Municipal Library Rawalpindi (میونسپل لائبریری راولپنڈی) is a public library in Rawalpindi, Pakistan. Founded in 1873, it is located at Murree road, adjacent to Liaqat National Bagh. The library currently has a collection of around 40,000 books.

==History==
When the Rawalpindi Municipal Corporation was established in 1868 during the British rule, a public library was also founded five years later to run under the corporation. Initially, it started inside the building of the Rawalpindi Press Club with only 1,000 books and 25 members. Later in 1968, the library was shifted to its current place at Murree road, Rawalpindi, in a new building. In 1982, the president Zia-ul-Haq sanctioned a big grant for the expansion and renovation of the library. As a result, the library once grew up having around 80,000 books and 7000 members. But it declined both in the number of books and active members during the following decades.

When in early 1980s, the president Zia-ul-Haq implemented Zakat system in the country, this library was also the first structure to be utilized for the purpose.

The library's structure received severe damage during the 2001 flooding in the city. Eventually, it had to be re-constructed in 2017–18 with the help of Rs. 23.6 million funding from the World Bank. It was re-opened for the public in January 2019.

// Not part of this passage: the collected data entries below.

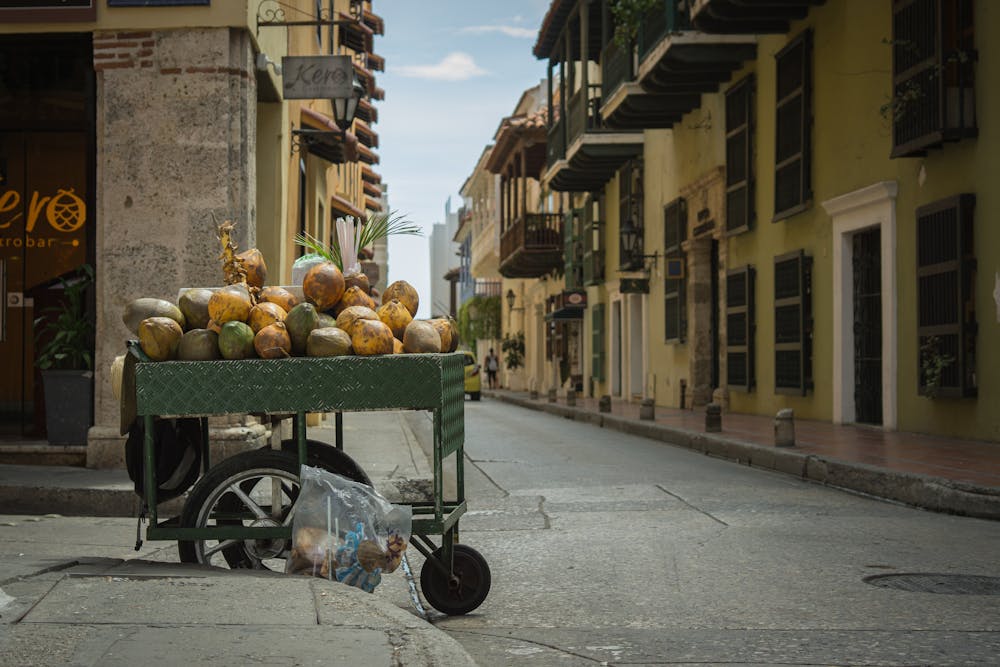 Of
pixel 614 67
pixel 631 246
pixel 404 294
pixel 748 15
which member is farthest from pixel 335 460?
pixel 631 246

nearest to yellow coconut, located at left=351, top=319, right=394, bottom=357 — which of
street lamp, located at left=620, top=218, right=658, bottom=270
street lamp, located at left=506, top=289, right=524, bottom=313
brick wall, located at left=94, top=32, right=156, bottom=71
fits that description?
brick wall, located at left=94, top=32, right=156, bottom=71

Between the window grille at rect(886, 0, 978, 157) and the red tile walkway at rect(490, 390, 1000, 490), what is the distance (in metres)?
3.00

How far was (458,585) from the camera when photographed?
16.7ft

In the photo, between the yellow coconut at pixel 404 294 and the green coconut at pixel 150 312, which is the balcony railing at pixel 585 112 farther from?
the green coconut at pixel 150 312

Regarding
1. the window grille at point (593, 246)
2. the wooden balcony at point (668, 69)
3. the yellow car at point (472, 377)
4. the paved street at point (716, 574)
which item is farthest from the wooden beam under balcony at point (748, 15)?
the yellow car at point (472, 377)

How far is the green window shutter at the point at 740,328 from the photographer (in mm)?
19594

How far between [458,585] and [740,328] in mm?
15511

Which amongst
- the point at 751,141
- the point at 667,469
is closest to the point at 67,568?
the point at 667,469

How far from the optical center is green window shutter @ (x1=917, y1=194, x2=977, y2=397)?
12.2m

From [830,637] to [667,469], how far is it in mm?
7088

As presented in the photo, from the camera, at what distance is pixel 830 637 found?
458 cm

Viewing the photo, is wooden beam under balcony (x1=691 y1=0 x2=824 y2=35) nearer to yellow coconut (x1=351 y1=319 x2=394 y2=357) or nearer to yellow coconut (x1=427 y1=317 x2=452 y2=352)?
yellow coconut (x1=427 y1=317 x2=452 y2=352)

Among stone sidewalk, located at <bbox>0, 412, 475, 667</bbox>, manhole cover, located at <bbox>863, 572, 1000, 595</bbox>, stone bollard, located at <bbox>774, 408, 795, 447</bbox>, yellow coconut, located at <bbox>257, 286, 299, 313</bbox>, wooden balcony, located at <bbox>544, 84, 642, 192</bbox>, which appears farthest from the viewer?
wooden balcony, located at <bbox>544, 84, 642, 192</bbox>

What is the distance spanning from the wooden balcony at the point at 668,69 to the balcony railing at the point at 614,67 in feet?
0.06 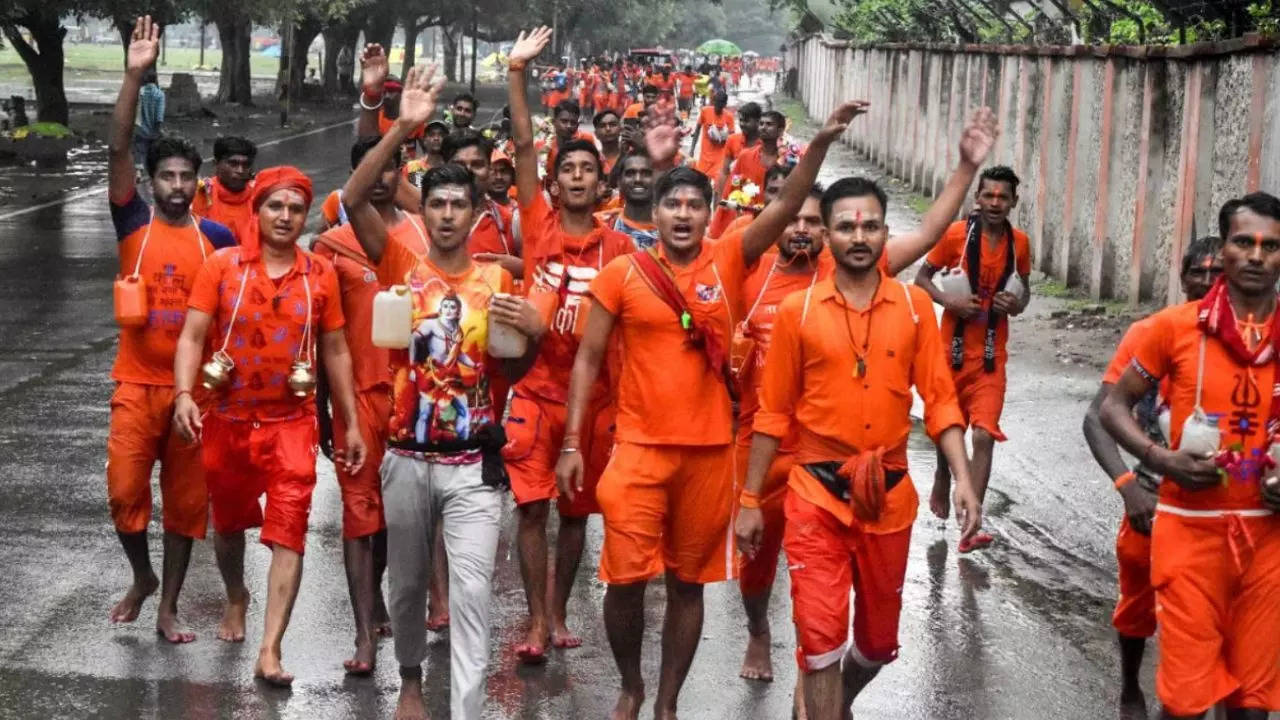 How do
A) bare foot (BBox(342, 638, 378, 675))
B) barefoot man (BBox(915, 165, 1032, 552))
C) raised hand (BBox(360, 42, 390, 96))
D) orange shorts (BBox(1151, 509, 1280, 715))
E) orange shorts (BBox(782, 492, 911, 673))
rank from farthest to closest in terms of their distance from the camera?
barefoot man (BBox(915, 165, 1032, 552))
raised hand (BBox(360, 42, 390, 96))
bare foot (BBox(342, 638, 378, 675))
orange shorts (BBox(782, 492, 911, 673))
orange shorts (BBox(1151, 509, 1280, 715))

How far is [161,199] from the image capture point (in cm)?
789

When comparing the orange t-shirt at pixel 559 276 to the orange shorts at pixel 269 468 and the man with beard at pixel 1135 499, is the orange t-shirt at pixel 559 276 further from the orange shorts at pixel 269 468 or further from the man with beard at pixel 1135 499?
the man with beard at pixel 1135 499

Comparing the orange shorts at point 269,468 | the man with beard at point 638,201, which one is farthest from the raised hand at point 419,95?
the man with beard at point 638,201

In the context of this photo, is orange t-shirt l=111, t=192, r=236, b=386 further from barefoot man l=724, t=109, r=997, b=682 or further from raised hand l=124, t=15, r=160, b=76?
barefoot man l=724, t=109, r=997, b=682

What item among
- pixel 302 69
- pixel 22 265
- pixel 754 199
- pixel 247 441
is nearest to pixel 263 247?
pixel 247 441

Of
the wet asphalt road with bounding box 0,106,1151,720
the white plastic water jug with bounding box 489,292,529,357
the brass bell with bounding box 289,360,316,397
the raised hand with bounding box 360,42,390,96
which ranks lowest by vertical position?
the wet asphalt road with bounding box 0,106,1151,720

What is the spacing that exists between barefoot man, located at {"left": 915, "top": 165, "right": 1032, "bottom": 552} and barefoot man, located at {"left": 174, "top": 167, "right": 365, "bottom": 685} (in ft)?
11.3

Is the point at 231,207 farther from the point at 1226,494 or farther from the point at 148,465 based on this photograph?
the point at 1226,494

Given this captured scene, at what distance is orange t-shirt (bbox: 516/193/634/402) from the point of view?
25.1 ft

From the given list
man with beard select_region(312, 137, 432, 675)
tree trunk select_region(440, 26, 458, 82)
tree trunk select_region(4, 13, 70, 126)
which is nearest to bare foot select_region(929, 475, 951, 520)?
man with beard select_region(312, 137, 432, 675)

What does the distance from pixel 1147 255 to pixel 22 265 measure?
11342 mm

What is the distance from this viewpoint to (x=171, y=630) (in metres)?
7.76

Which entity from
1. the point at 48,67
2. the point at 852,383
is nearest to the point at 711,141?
the point at 852,383

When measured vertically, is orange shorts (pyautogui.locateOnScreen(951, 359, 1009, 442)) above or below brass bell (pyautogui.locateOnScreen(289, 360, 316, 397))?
below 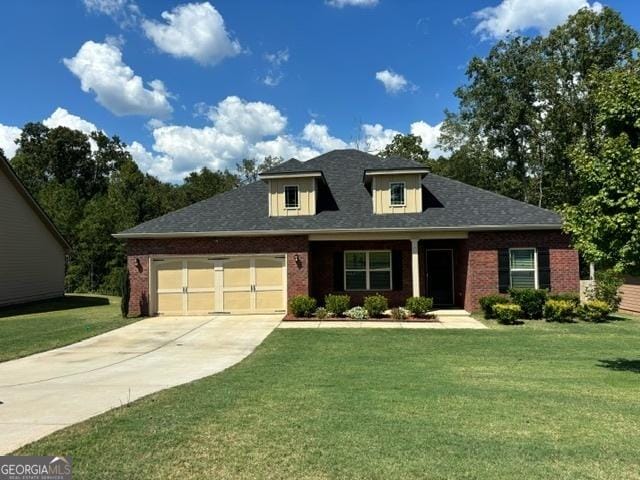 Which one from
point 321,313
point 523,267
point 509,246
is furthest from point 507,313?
point 321,313

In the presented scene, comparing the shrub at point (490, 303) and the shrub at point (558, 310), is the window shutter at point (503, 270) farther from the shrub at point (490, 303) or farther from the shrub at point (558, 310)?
the shrub at point (558, 310)

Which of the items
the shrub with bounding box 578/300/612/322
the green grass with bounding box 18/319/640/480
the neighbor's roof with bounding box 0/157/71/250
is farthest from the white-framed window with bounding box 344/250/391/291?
the neighbor's roof with bounding box 0/157/71/250

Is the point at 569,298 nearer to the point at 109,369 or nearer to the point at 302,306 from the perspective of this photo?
the point at 302,306

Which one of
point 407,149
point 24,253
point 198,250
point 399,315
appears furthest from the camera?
point 407,149

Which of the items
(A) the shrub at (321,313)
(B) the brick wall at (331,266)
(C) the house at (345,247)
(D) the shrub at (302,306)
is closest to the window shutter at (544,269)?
(C) the house at (345,247)

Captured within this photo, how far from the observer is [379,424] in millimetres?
5160

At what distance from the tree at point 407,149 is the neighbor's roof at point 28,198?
84.7ft

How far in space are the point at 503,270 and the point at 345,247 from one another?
5.97 meters

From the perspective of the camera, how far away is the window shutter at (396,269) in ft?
60.7

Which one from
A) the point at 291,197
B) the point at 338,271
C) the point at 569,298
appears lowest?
the point at 569,298

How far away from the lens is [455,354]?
33.1 ft

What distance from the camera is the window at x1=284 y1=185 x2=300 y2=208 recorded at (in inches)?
720

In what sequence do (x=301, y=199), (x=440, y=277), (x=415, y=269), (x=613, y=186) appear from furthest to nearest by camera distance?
(x=440, y=277), (x=301, y=199), (x=415, y=269), (x=613, y=186)

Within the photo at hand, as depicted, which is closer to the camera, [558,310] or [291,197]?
[558,310] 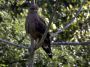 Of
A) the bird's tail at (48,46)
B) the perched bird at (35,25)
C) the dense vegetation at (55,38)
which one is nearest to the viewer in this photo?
the bird's tail at (48,46)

In December 2021, the upper hall of the library caught fire sparked by short-circuit, turning hundreds of books and magazines into ashes.

==Services and facilities==
The Municipal Library Rawalpindi provides over 40,000 books in various categories for the members. Around 2000 reference books, including dictionaries, encyclopedias and others, are also available. The general public can have access to all the notable national newspapers and magazines, both in English and Urdu languages.

The library has three large halls with lined-up tall bookcases.